| I wrote the spec for application/hal+json that got compared to WS-star , here's where I'm coming from: JSON doesn’t have links. Establishing some basic conventions for that makes complete sense. Defining those conventions is called a spec. Giving a payload that follows conventions a name also makes sense. Establishing that is called registering a media type identifier. It makes no sense to keep reinventing the linking wheel in every API . Pretending like a very minimal media type like hal+json is akin to WS-* is incredibly disingenuous and/or stupid. Establishing a standard media type like hal+json with a bunch of conventions allows us to build generic tooling that can help with both serving and consuming payloads that contain links. Being pragmatic is great, but misrepresenting a genuine effort to improve the status quo and improve the API ecosystem in a reasonable, non-complicated fashion as ‘hand-waving’ or 'unnecessary' is not very constructive. |
I'm struggling to see how application/hal+json would help me write a client to upload a photo. I imagine that with or without hal I'm ultimately going to POST the data to some endpoint.

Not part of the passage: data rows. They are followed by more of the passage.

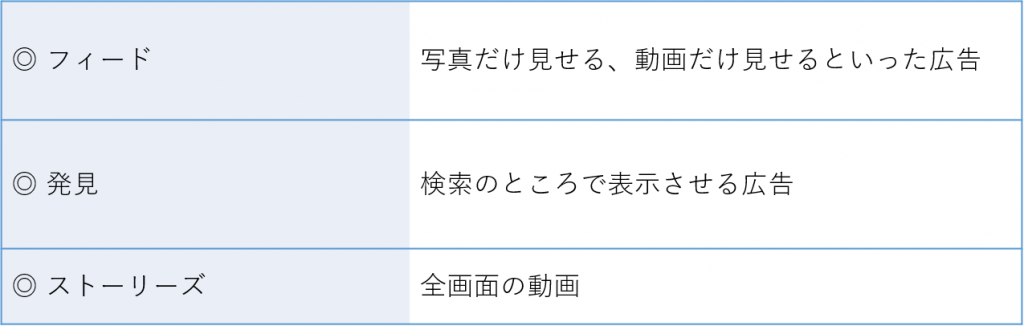 Instagram広告配信面の種類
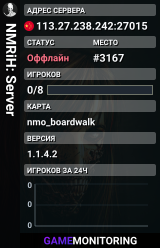 NMRiH: Server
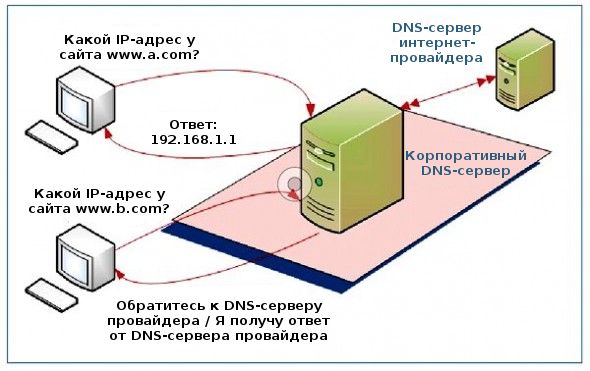 Разрешение доменных имен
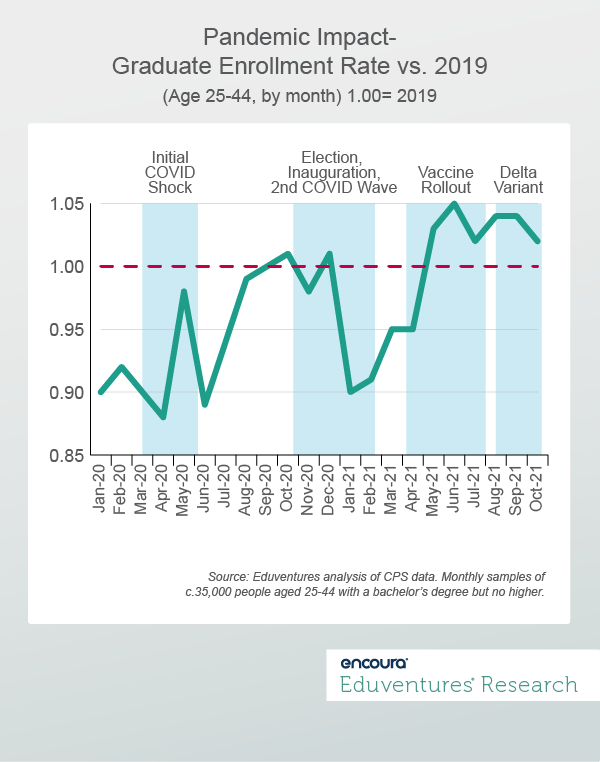 Pandemic Impact- Graduate Enrollment Rate vs. 2019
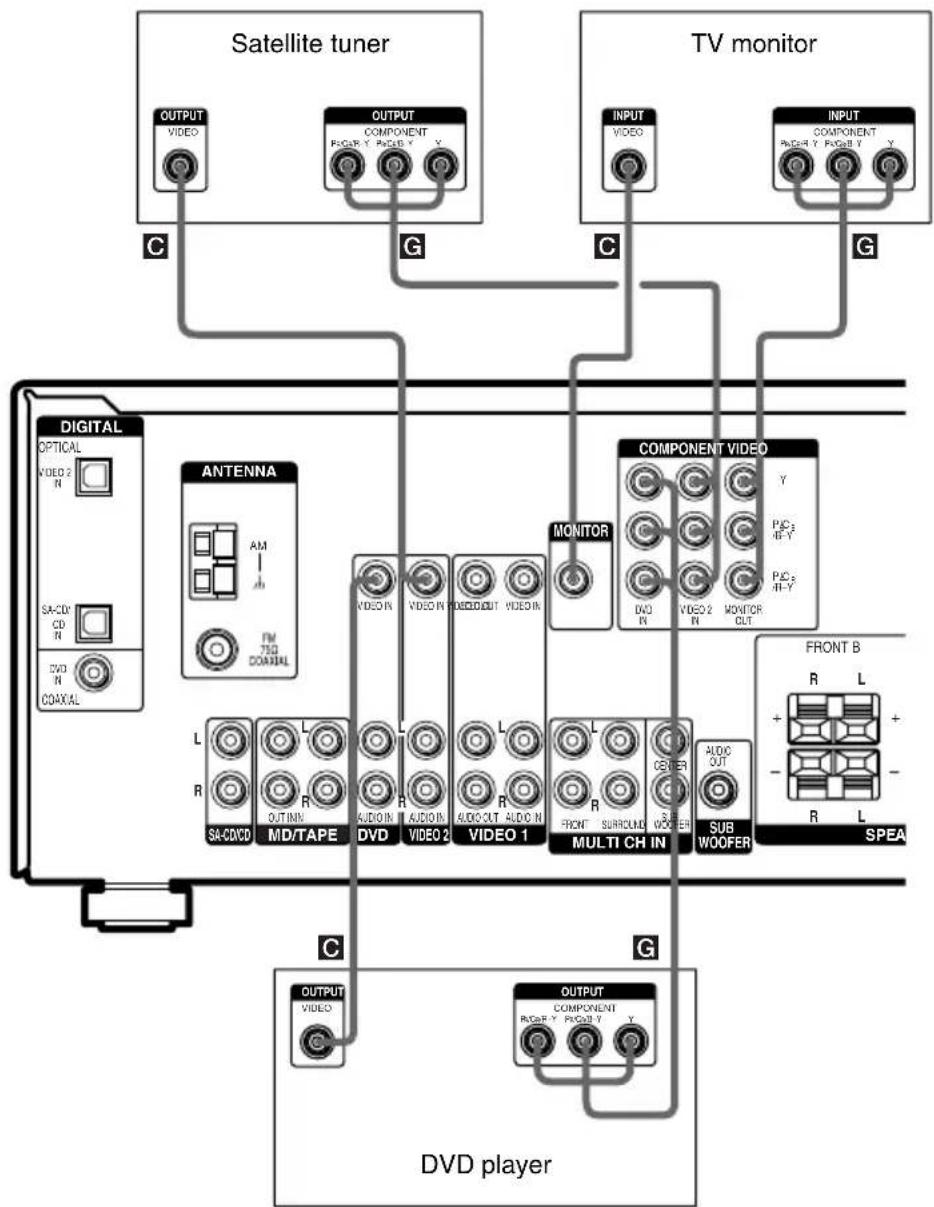 SONY HT-DDW960 - Connect the video jacks. - 1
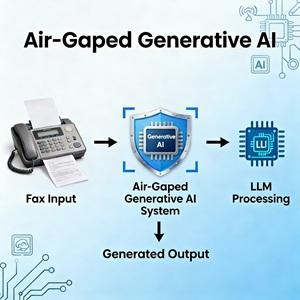 air-gaped Gen AI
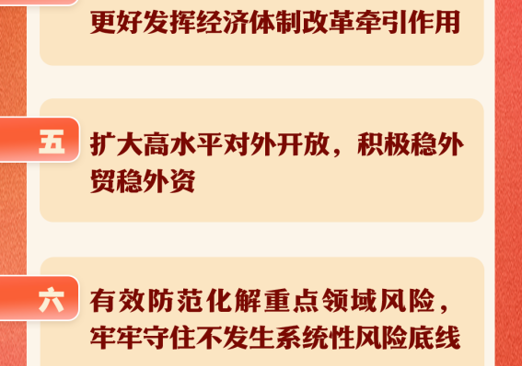 【聚焦全国两会】2025年政府工作十大任务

The question is, how do I figure out what endpoint to use?
Without hal+json I need to read the API docs to discover that "/photos/" is the correct endpoint to post to. But with hal, it seems I still need to read the docs to discover that within the hypermedia file, the key "photos" holds the value for the URI template. So either way, I need to read the docs, and either way, my client breaks if the meaning of the string "photos" changes.